Ukraine has called for more sanctions, including targeting Russia’s nuclear sector, but is likely to be disappointed.

Two of the European officials, speaking on condition of anonymity, said that additional financial sanctions were possible but efforts to target Russia’s nuclear sector, also advocated by Poland, were unlikely to succeed.

Hungary has already said it would veto such a move.

One of the people said any attempt to target Gazprombank would meet with resistance in Europe because of its importance in processing payments for Russian gas, still used by Hungary and other EU states.

ENFORCEMENT

O’Brien said that the United States would step up enforcement, something the EU also hopes to improve.

“We are now looking at how sanctions, including financial sanctions, can be most effective,” he said.

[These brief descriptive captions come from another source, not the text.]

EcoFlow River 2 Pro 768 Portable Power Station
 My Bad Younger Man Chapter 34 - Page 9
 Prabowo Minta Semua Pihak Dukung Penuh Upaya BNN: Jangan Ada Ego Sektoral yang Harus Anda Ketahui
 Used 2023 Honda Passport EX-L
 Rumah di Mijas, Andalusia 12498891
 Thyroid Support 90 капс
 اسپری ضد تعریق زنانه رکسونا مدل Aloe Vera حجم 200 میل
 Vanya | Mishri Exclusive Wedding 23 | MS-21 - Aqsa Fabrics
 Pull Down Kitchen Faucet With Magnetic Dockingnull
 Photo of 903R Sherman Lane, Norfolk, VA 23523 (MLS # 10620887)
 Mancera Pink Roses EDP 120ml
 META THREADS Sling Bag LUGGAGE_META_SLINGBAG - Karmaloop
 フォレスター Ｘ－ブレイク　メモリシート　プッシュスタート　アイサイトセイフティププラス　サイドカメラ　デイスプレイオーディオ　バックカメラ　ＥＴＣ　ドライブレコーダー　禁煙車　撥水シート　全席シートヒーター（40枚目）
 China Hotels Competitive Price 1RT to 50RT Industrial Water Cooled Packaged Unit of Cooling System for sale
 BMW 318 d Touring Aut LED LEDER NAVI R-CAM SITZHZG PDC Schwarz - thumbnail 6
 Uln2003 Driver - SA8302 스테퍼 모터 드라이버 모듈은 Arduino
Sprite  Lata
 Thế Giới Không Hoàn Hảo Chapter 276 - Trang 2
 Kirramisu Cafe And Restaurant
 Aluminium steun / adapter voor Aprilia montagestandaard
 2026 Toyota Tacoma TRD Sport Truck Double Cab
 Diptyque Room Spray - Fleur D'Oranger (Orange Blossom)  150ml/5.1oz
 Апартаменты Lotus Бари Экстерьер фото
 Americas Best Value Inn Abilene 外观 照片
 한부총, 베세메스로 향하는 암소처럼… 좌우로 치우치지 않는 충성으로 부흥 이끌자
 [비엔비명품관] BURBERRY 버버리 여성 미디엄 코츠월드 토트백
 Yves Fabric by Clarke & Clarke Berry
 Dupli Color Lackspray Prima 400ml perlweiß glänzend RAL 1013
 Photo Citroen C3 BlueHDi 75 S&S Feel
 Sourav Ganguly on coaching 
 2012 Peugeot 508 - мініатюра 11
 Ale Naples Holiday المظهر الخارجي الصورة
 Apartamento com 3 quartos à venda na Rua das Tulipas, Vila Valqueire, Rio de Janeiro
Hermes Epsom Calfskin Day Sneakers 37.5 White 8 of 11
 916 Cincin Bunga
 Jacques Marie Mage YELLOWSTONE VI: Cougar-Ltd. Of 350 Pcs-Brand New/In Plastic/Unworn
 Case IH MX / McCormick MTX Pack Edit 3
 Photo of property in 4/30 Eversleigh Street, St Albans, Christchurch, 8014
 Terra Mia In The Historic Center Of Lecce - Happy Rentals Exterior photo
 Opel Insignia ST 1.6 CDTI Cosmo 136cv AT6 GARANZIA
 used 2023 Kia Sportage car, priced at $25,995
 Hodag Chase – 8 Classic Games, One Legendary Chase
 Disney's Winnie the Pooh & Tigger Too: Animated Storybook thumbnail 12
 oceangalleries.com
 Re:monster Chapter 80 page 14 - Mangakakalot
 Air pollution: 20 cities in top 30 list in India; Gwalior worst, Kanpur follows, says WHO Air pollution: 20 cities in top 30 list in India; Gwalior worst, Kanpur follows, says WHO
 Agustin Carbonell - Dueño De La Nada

“We will see additional measures to increase the intensity of enforcement actions,” he said, adding that although the sanctions allowed global trade in Russian oil and other products, the United States would check on banks and their clients.

“We are always looking to see which companies and parties could benefit from financial transactions linked to Russia,” he said.

The United States has the clout to make sanctions bite because the U.S. dollar is central to global trade, while the EU depends on a patchwork of national authorities, some with scant resources.

The U.S. Treasury has over the last year sanctioned more than 100 individuals and entities seeking to circumvent Russia curbs and has charged prominent Russian oligarchs for violations.

Germany, by contrast, has struggled to enforce sanctions on oligarchs due to legal restraints and reliance on multiple authorities, according to people familiar with the matter.

“The focus this year has to be to make sure that we stop sanction evasion,” said Franziska Brantner, state secretary in Germany’s economy ministry. “And that’s what part of the tenth sanction package is looking at.”

Russia invaded Ukraine in February last year, in what it calls a “special military operation” to “denazify” the country, but which Western leaders say was nothing more than a land grab.

The eastern Ukrainian city of Bakhmut has endured heavy artillery fire this week as the head of military alliance NATO backed reports from local officials that a major new Russian offensive had begun, days before the first anniversary of the invasion.

“Russia is actively seeking ways to circumvent western sanctions,” said EU trade commissioner Valdis Dombrovskis recently, adding that new EU measures would seek to “limit the circumvention of the sanctions”.

“There is a willingness to go further across the European Union,” Irish finance minister Michael McGrath told reporters this week. “We are all appalled about what we are witnessing in terms of continued Russian aggression in Ukraine.”

Analysts say there is plenty of scope to pile more sanctions on Russia.

“While the majority of important Russian banks are sanctioned, there is a lot outside that perimeter that you could go after,” said Nicolas Veron, of Washington think tank the Peterson Institute for International Economics.

“Nonetheless, Russia has proven it can adapt.”

Guntram Wolff, CEO of Berlin think tank the German Council on Foreign Relations, said Russia could use dollar bank accounts to equip its army: “Tighter financial sanctions would further undermine Russia’s military.”